Work instruction:
Reprint each record exactly. Pictures are not reprinted.

[Short text fragments from websites]
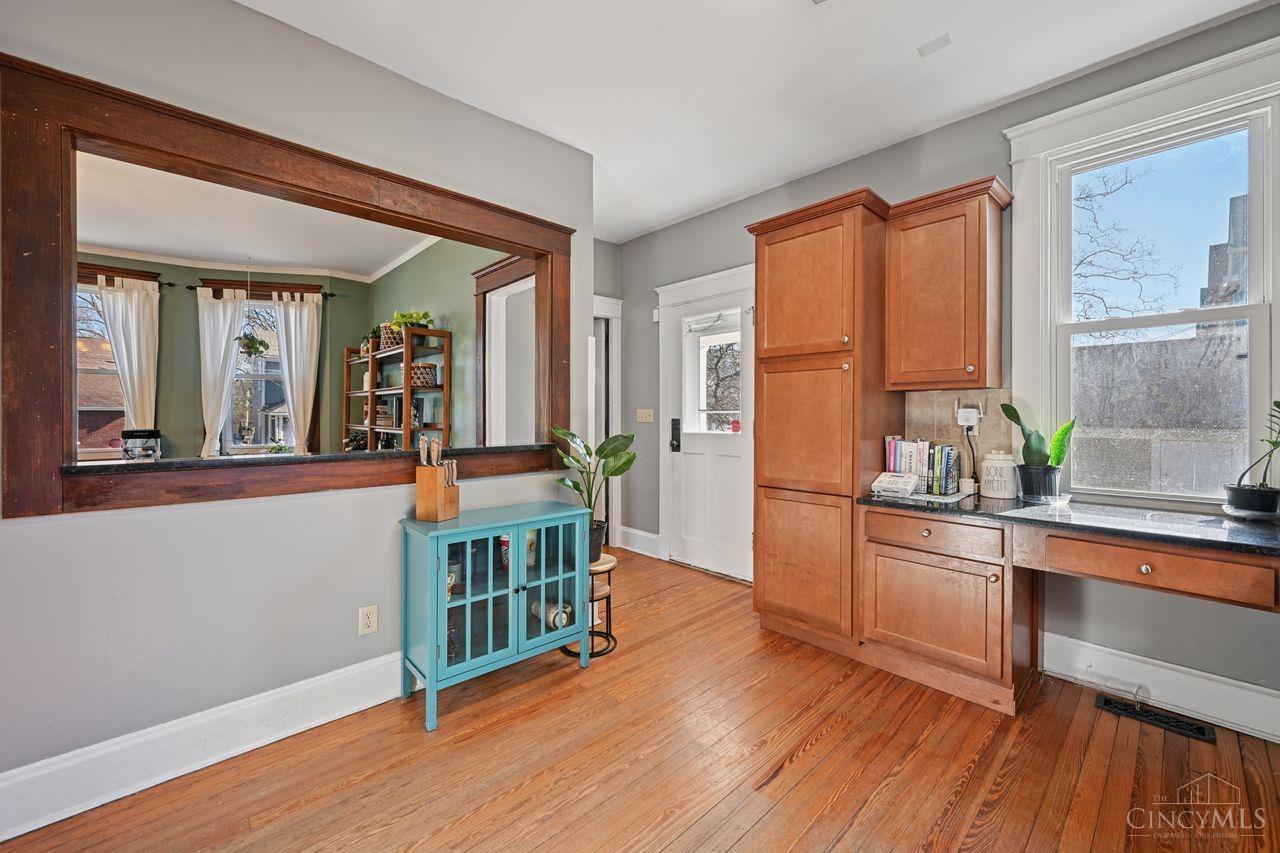 6225 Roe Street Cincinnati, OH 45227 - Photo 17 of 38 Gallery Image 17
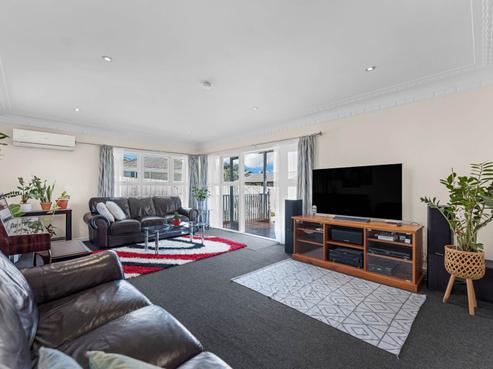 80D Wallace Road, Papatoetoe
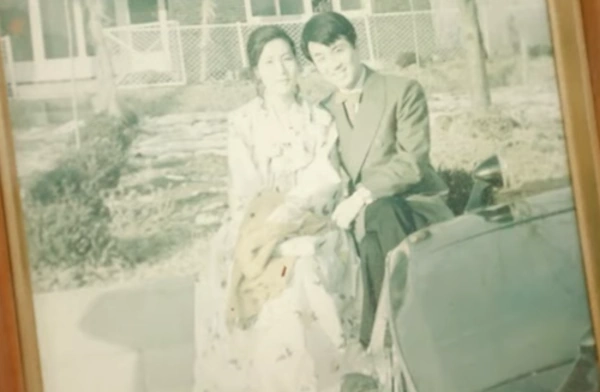 위암 투병 완치라던 배우 이정섭 프로필 부인 식당 정섭이가 오픈 근황 (ft. 필모그래피 작품활동) 배우 이정섭 부인 약혼식 사진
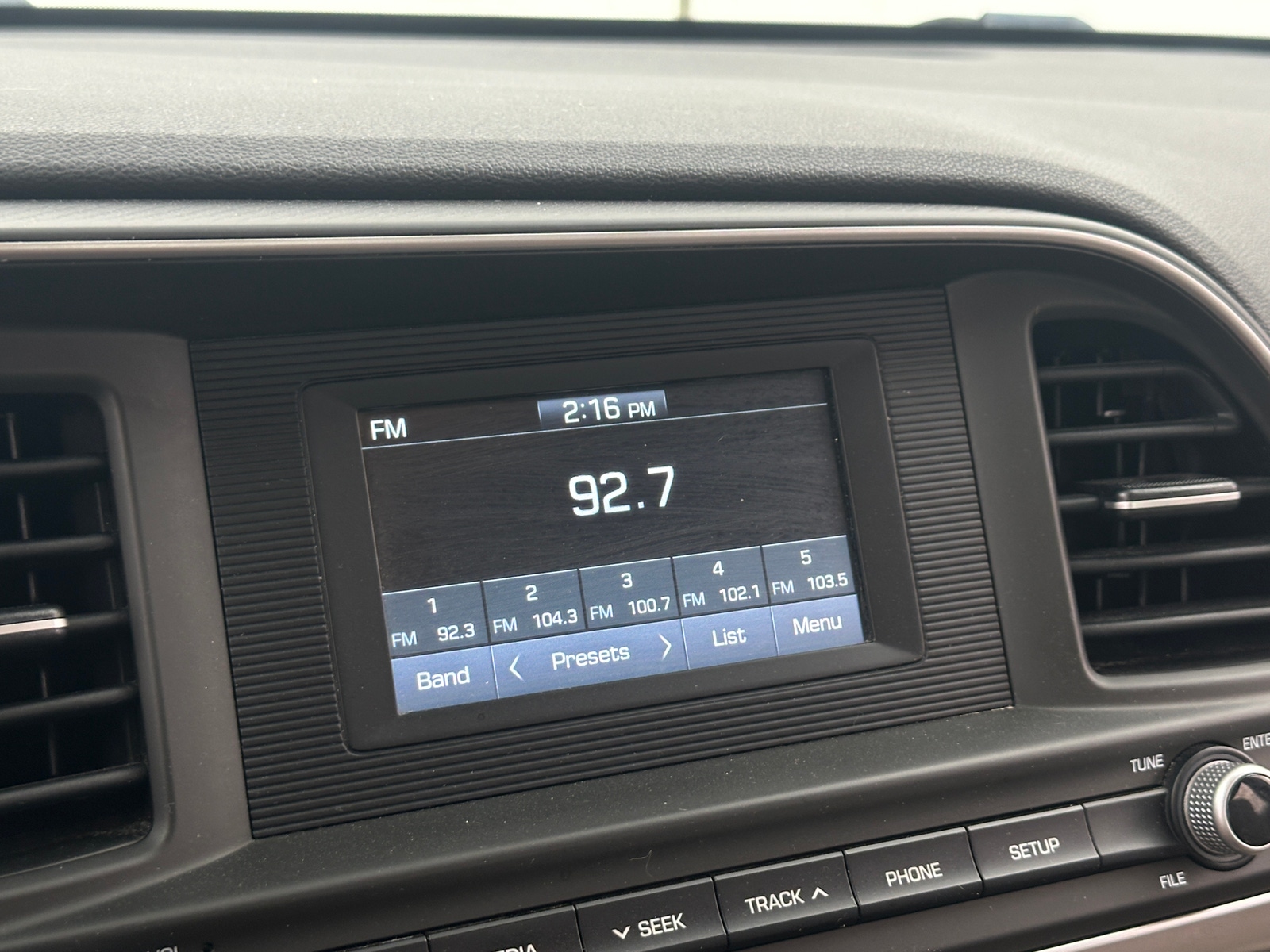 Thumbnail: 2019 Hyundai Elantra - 4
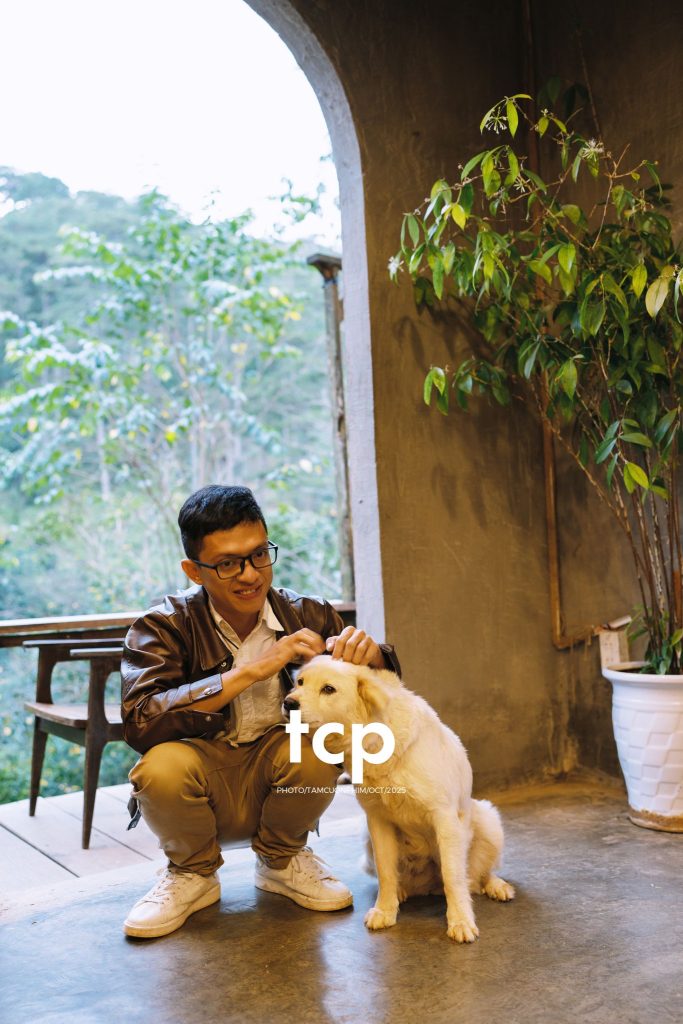 Tám Cuộn Phim - Khi chàng trai "hướng nội" đi chill cùng hội bạn bốn chân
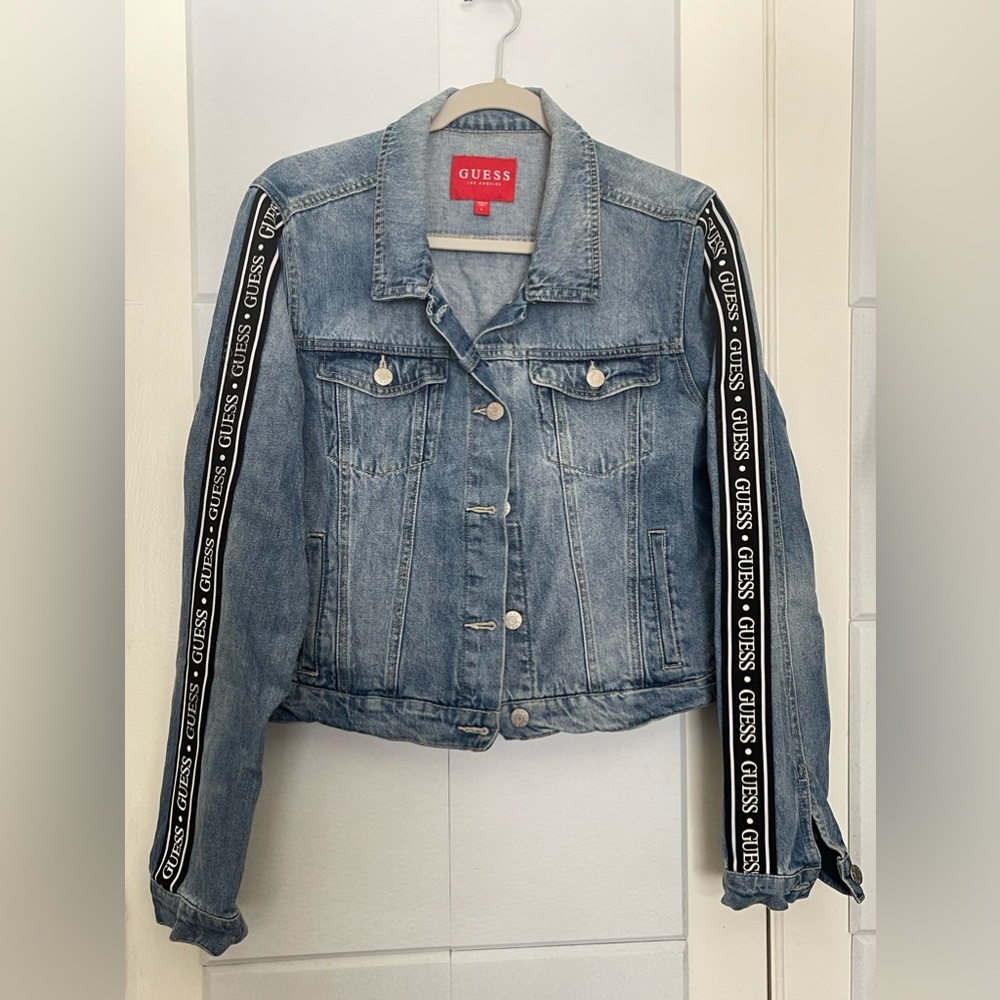 GUESS cropped denim women jacket. Size Large.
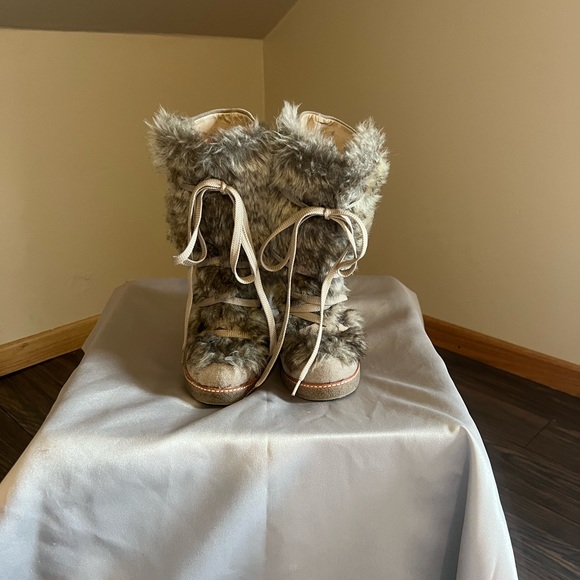 Furry high-heeled suede designer boots - Picture 8 of 11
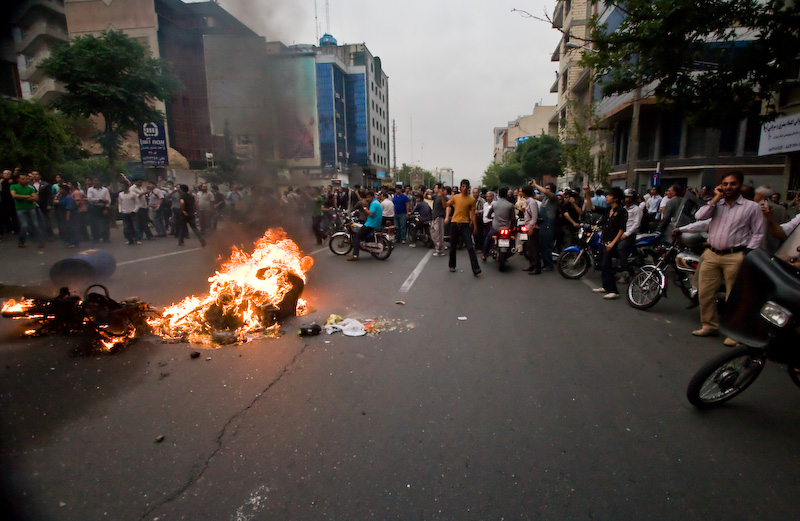 File:Iranian presidential election, 2009, protests (2).jpg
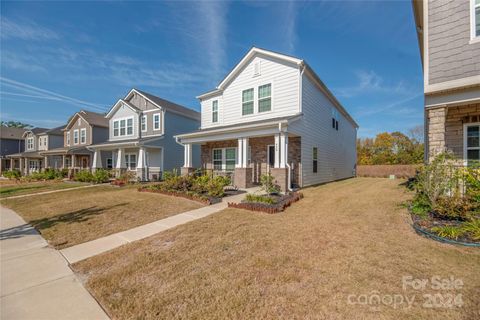 A home in Pineville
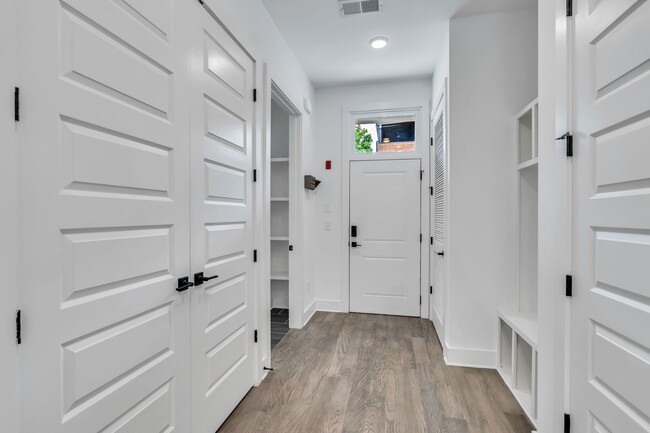 Building Photo - 1403 Martin St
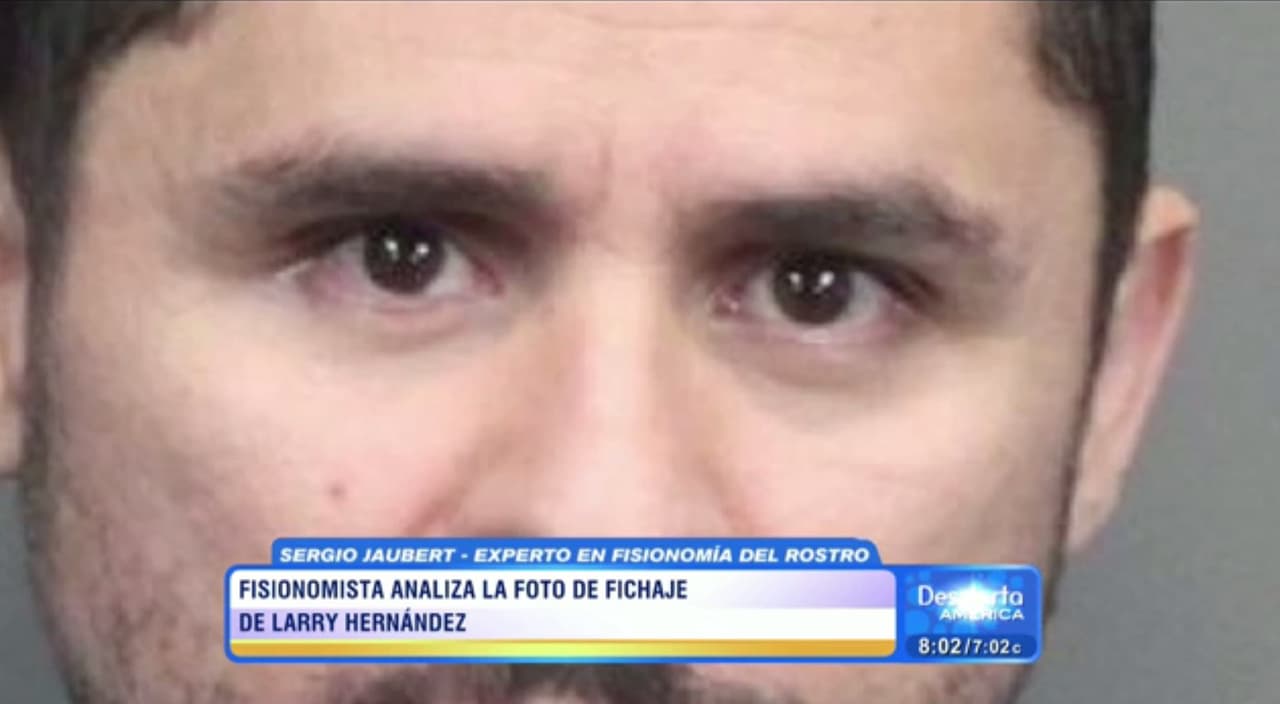 El especialista dijo: "según sus rasgos físicos se ve que es bastante inteligente. La inteligencia se puede ver en la distancias que hay entre las cejas y los ojos, entre más cerca están las persona tiene mejor nivel mental.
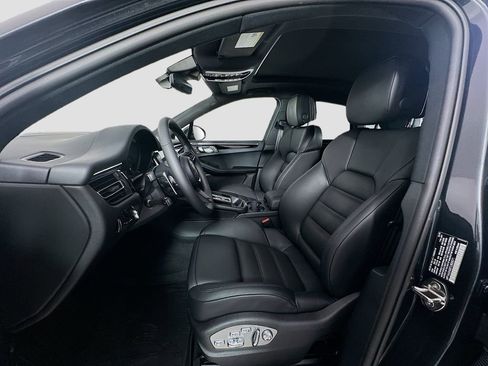 New 2026 Porsche Macan image 5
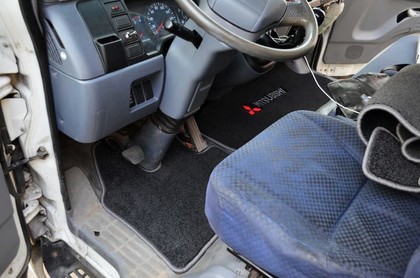 Коврики на Mitsubishi Fuso Canter VII широкая кабина 2002 - 2017 в Омске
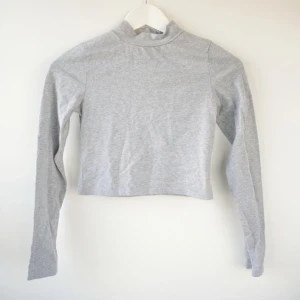  - Grå polotröja och magtröja från bikbok i storlek xs. Snygg med höga jeans. 

Bara att fråga om ni undrar något!
Kan mötas upp på söder
Frakt 40kr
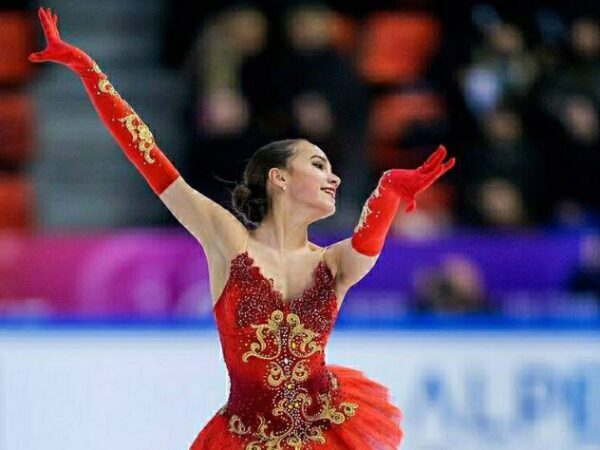 Алина Загитова стала чемпионкой РФ по фигурному катанию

Expected output:
 6225 Roe Street Cincinnati, OH 45227 - Photo 17 of 38 Gallery Image 17
 80D Wallace Road, Papatoetoe
 위암 투병 완치라던 배우 이정섭 프로필 부인 식당 정섭이가 오픈 근황 (ft. 필모그래피 작품활동) 배우 이정섭 부인 약혼식 사진
 Thumbnail: 2019 Hyundai Elantra - 4
 Tám Cuộn Phim - Khi chàng trai "hướng nội" đi chill cùng hội bạn bốn chân
 GUESS cropped denim women jacket. Size Large.
 Furry high-heeled suede designer boots - Picture 8 of 11
 File:Iranian presidential election, 2009, protests (2).jpg
 A home in Pineville
 Building Photo - 1403 Martin St
 El especialista dijo: "según sus rasgos físicos se ve que es bastante inteligente. La inteligencia se puede ver en la distancias que hay entre las cejas y los ojos, entre más cerca están las persona tiene mejor nivel mental.
 New 2026 Porsche Macan image 5
 Коврики на Mitsubishi Fuso Canter VII широкая кабина 2002 - 2017 в Омске
  - Grå polotröja och magtröja från bikbok i storlek xs. Snygg med höga jeans. 

Bara att fråga om ni undrar något!
Kan mötas upp på söder
Frakt 40kr
 Алина Загитова стала чемпионкой РФ по фигурному катанию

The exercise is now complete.